10-07-2022 01:04 PM - edited 10-07-2022 01:25 PM
If you are building up a new security program or improving upon an existing one, but you are not well verse in compliance - the NIST Framework can help provide a guide of what common controls should be in place.
The NIST Framework was originally created through collaboration between industry and government to promote the protection of critical infrastructure. The prioritized, flexible, repeatable, and cost-effective approach of the Framework doesn't just help critical infrastructure, but provides a holistic way to manage cybersecurity-related risk that can be augmented by any size company.
The NIST Framework consists of three main components: the Core, Implementation Tiers, and Profiles.
These components will not only let you know the core controls that should be in place, but allow you to tailor it to your business needs and maturity.

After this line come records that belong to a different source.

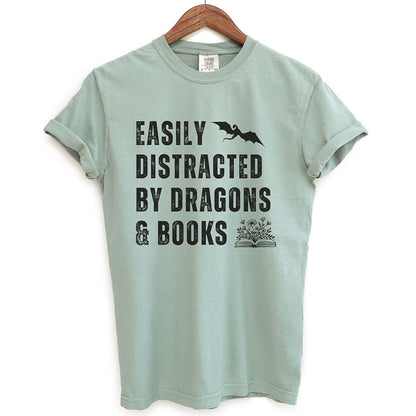 Easily Distracted by Dragons and Books Shirt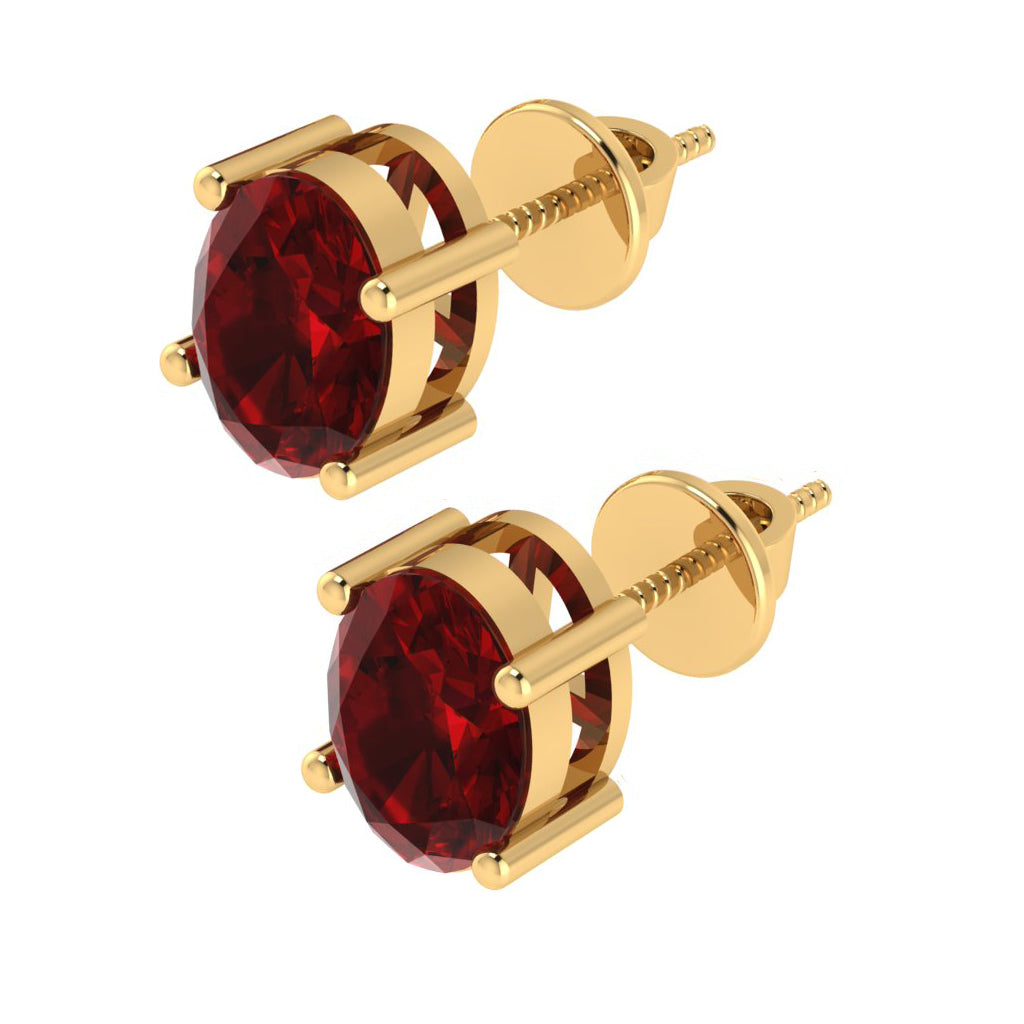 yellow gold plated sterling silver oval shape ruby july birthstone stud earrings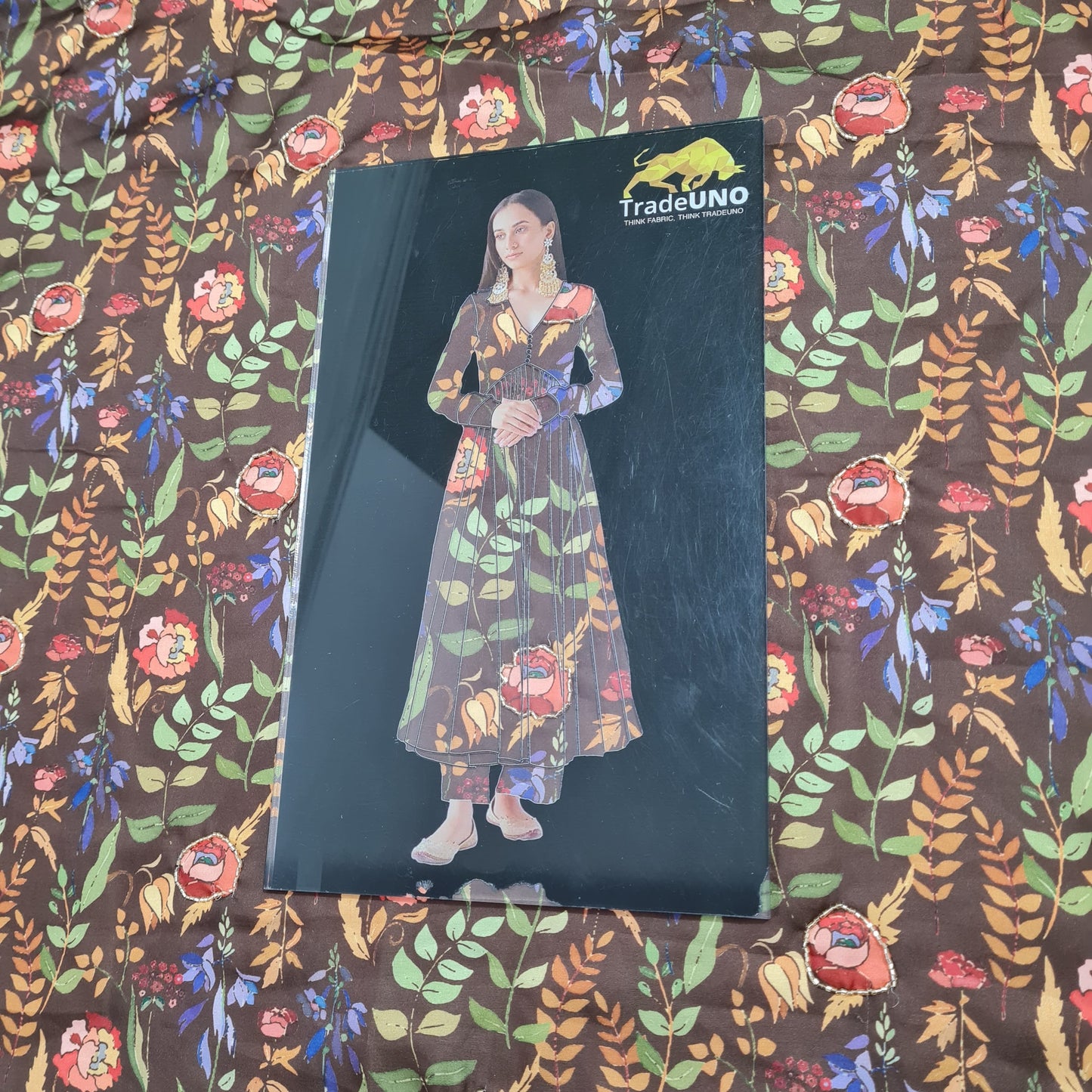Mehandi Green Floral Hand Embroidery Modal Satin Fabric - TradeUNO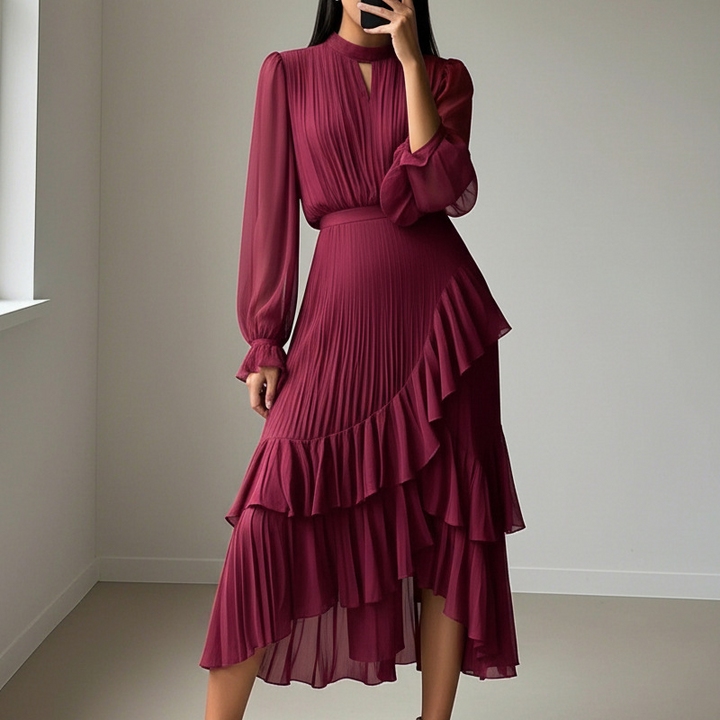 Luna | Pleated Midi Dress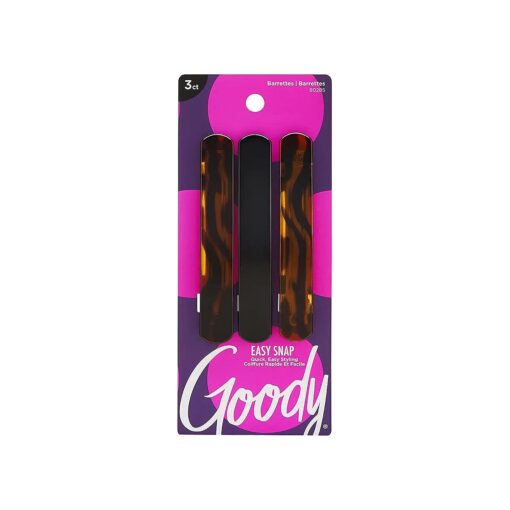 GOODY Classics Rounded Hair Barrette, Black & Tortoise, 3 Count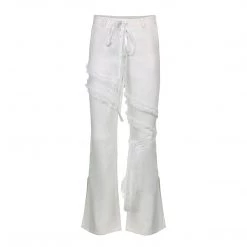 Juwas Chic White Lace Mesh Cut Wide Leg Jeans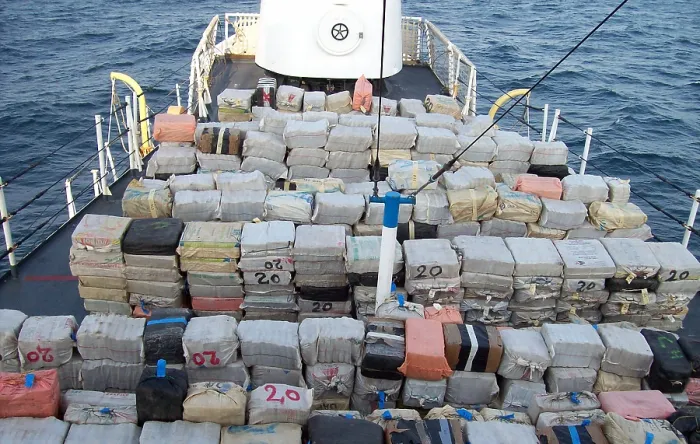 Framed Print : The U.S. Coast Guard made a record drug seizure of approximately 42 845 pounds of cocaine aboard the Panamanian flagged motor vessel GATUN off the coast of Isla de Coiba Panama
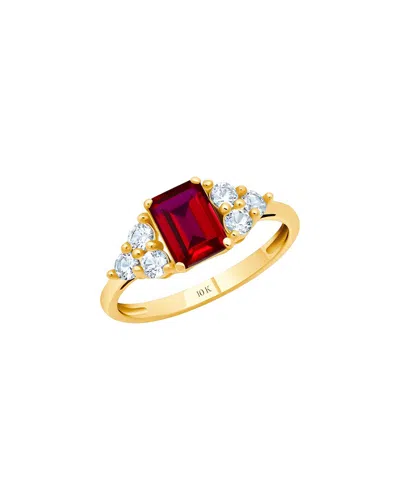 Maxcolor 10k 1.00 Ct. Tw. Lab-grown Ruby Halo Ring In Multi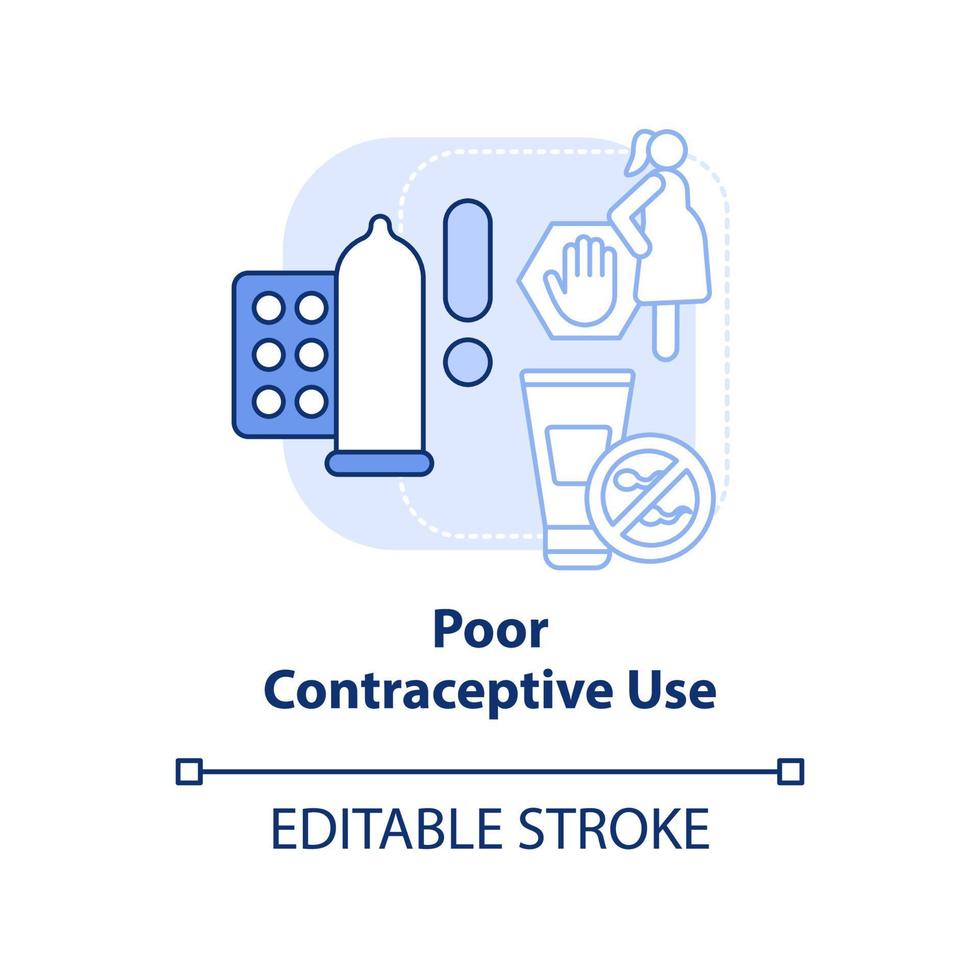 Poor contraceptive use light blue concept icon. Unplanned pregnancies. Overpopulation abstract idea thin line illustration. Isolated outline drawing. Editable stroke. vector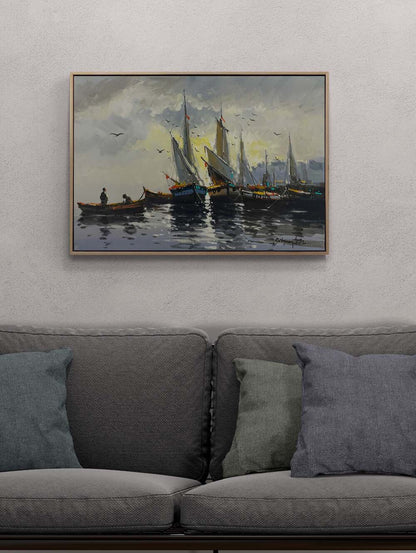 Denizde Sessiz Bekleyiş Yağlı Boya Tablosu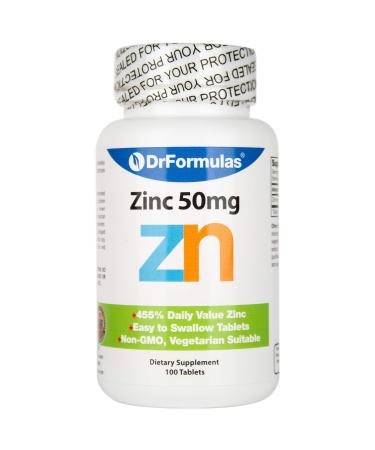 DrFormulas Zinc for Acne 50mg Supplement with Chelated Zinc Oxide Citrate 100 Day Supply (Tablets Not Lozenges Gluconate or Picolinate)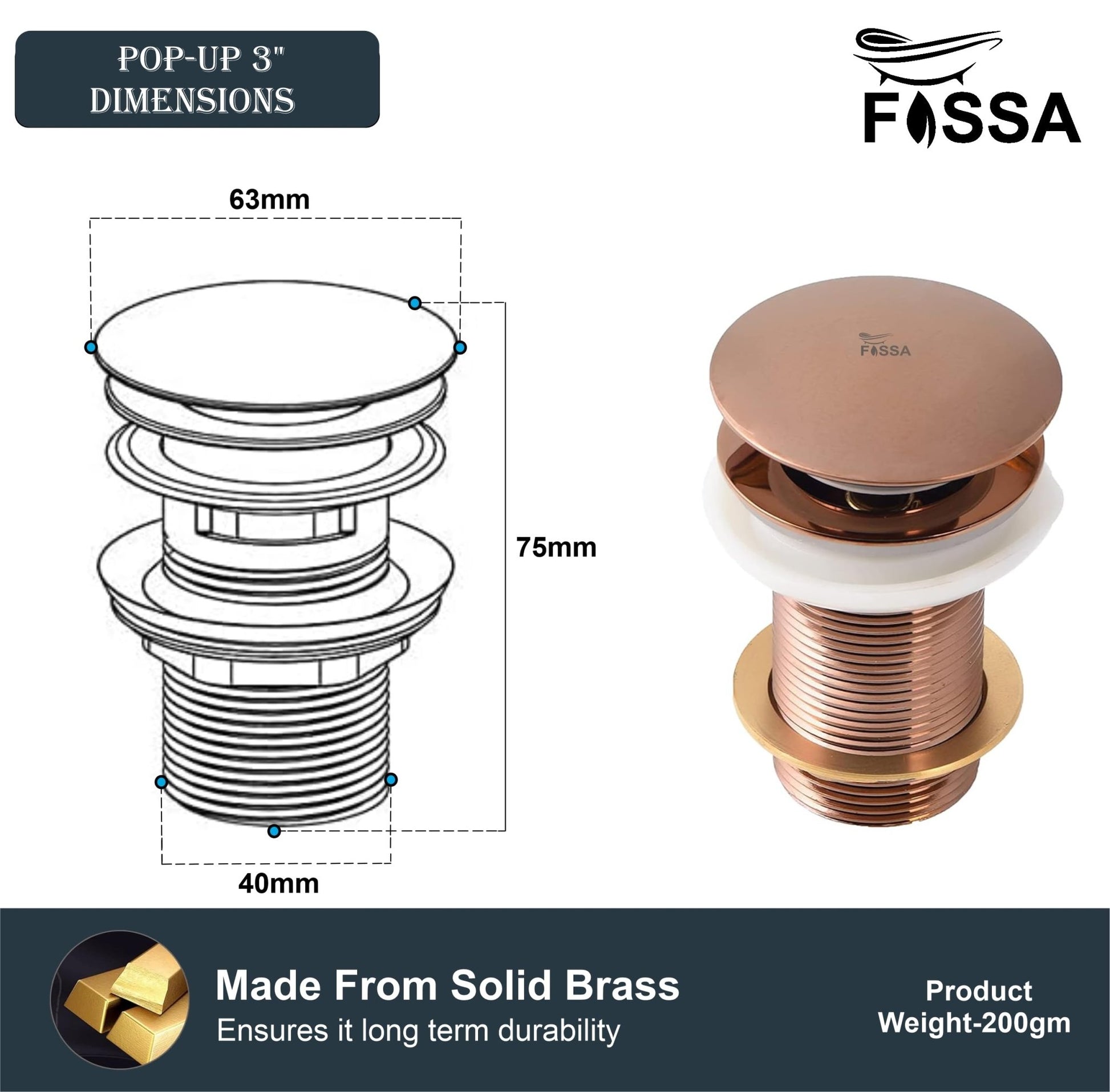 Fossa 3" Inch Brass Pop Up Waste Coupling with Smooth Push Button,Waste Coupling,Drain Out let System Pop up Full Threaded Waste Coupling (Copper) - Fossa Home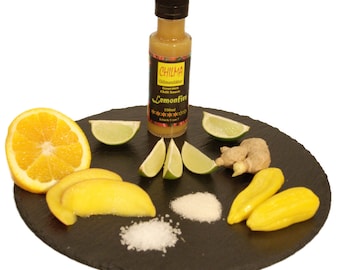 Lemonfire von Chilma, 100 ml., perfekt zum Marinieren un Würzen von Fisch- und Reisgerichten. Chilisauce Schärfe 5 von 7. Scharf.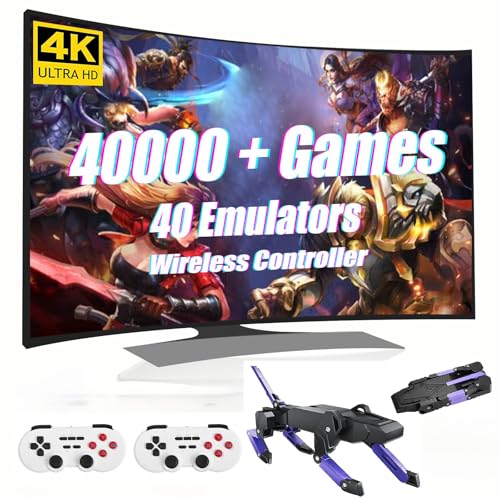 HeavenBird Retro Game Console, Plug & Play, 128G, 40,000 Games & 40 Emulators, Video Game Stick, TV HDMI Connect, Stress Anxiety Relief, Gift for Kids/Friends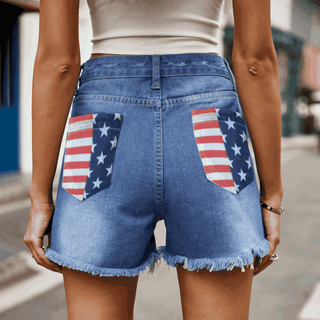 Shop US Flag Distressed Denim Shorts Now On Klozey Store - Trendy U.S. Premium Women Apparel & Accessories And Be Up-To-Fashion!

Reading through the resources available on the https://www.nist.gov/cyberframework website, will also provide a good introduction to compliance concepts, organization, and practices. My recommendation is to start by downloading the excel version of the framework and start performing a gap analysis of what is in place and what isn't. Upload the spreadsheet to the cloud so it can be collaborative. Add columns and track all details within the spreadsheet and use it as a control tracker. Make sure each control has an owner. If you have "compliance manager" hat on you should not be responsible for all operating controls. Though if the company is small enough you may also have to wear a "control owner" hat, but that is typically the case with SMEs.
Having a structure in place will help guide anyone through the process of defining and implementing a holistic security program and NIST is a great resource to serve as a starting point.